A broken page. Make sure the page still loads. Make sure it can be viewed on an iPad or other viewing tool that more and more of your intended visitors might be using. Are you requiring visitors to download something, like another application, that they just aren’t interested in doing?
Irrelevant, unexpected, or insulting content. Did you re-write the content? Add a new graphic to the page? You may have made vast improvements to a page but changed the look enough that your frequent visitors assume they’ve gone to the wrong site. Or you may have added content most viewers find distracting from their goal and so they leave your site.
I suspect that Abercrombie’s push-up bikini top for tween girls controversy caused traffic and bounce rate spike for their site. People weren’t going to the site to shop, but to see what the controversy was about.
Try rewriting the page or reorganizing the content. Try shortening it. Try a different visual. See what keywords are being used by searchers to discover that page and punch up related content. Look at what pages most visitors saw before the page in question and let that guide your edits.
Misdirected searchers. Look at your traffic sources by keywords. Do you see an unusual spike?
That might mean that you added a great timely news page, but it could also mean that people are being misdirected to that page. Look through your keywords sorted by bounce rate. Is there an unfamiliar keyword listed or did your intern’s name, which appears on a single page, suddenly show up with tons of visitors? Run your own search for the poorly performing keyword. You may discover that someone with the same name as your intern just got named to the Olympic Team or a news story surfaced about someone finding a rat tail in a sandwich that has a name similar to one of your products. Weird stuff like this happens. People come to your page searching for one thing and find something else and leave. That’s an appropriate action and no cause for worry. The bounce rate for that page should go back to normal in time.
If your ad copy promises something not evident on your landing page, visitors will feel mislead and misdirected and leave. So if you promise free shipping in your ad, you don’t want a big button or paragraph about comparing shipping charges on your landing page. An ad for mountain bikes should lead to a page listing road, racing, BMX, and mountain bikes mixed together.

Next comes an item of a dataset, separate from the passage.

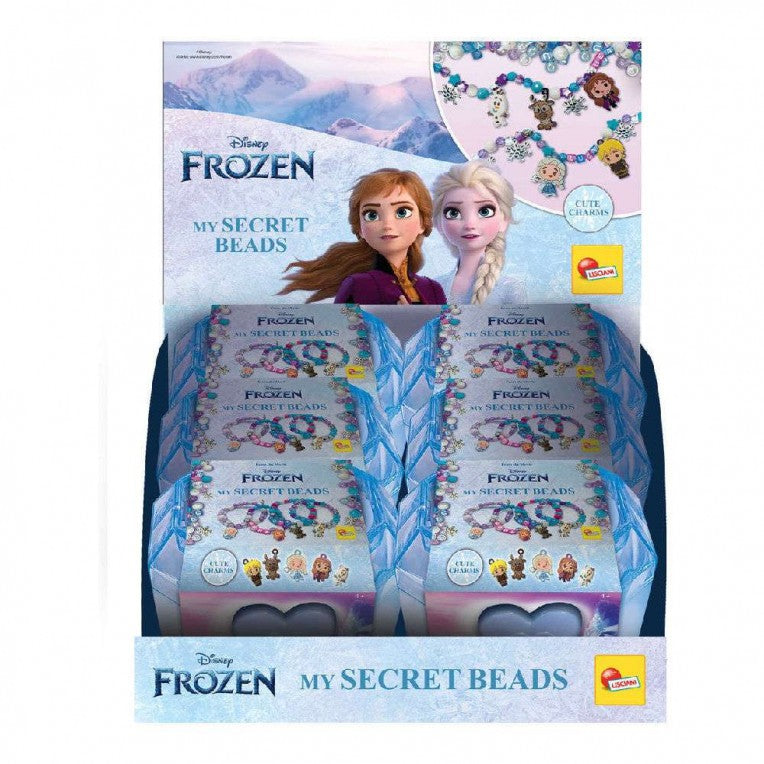 FROZEN MY SECRET BEADS IN DISPLAY 6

Misdirecting external link. Check to see where the traffic to your high bounce rate page is coming from. Did a few bloggers just add a link to your site as a gag? Or, on a positive note, perhaps people are linking to your graphic as an excellent example of information design and the readers just want to see that graphic.
Is your bounce rate consistently low?
If you have a blog, recipe, or news site, that might not be a problem. Readers could be coming to your site daily, reading your latest post, and then moving on. Take a look at time on site and returning visitor numbers. These might make you feel better about that bounce rate.
Usability problems. Watch someone else use your site and have them talk aloud as they do so. Or better yet, have someone else do this and tell you what he heard and saw. If visitors can’t immediately determine what your site or page is about and what they can expect to accomplish there, they are likely to leave. If the site is cluttered and confusing and full of competing calls to action, a visitor might be overwhelmed and leave.
Navigation problems. If a visitor comes to your site and can’t figure out how to get around it, she is likely to leave.
Content problem. Your content can have too verbose, too short, too complex, too simplistic, or too confusing to read. It can also read as a dead-end. If your page exists to tell people how to properly remove an obstruction from a snow blower, you can expect a high bounce rate. You hope that they go out and get back to clearing their driveway before they come back and explore more of your site. But if you page exists to inform people of how easy your snow blower is to use, you want them to move to the next step of looking at size options or pricing. If that page has a high bounce rate, then your copy might be the problem.
Misdirected searches. If your site’s content is about something with a commonly used or commonly misspelled term, then you might see a higher bounce rate. Let’s say you sell confections in all sorts of shapes, including a horse bridle. Someone searching for “bridle confection” might find you when they wanted treats for their wedding instead. Writing good titles and meta descriptions for the page should help considerably. Let people know what the page is really about and eliminate that confusion.
Design problem. I have left sites just because they did not look professional. You don’t want your site to immediately cause a lost of trust because the design doesn’t match the tone of your brand and your message.
The good news is that a high bounce rate is a problem that can be solved.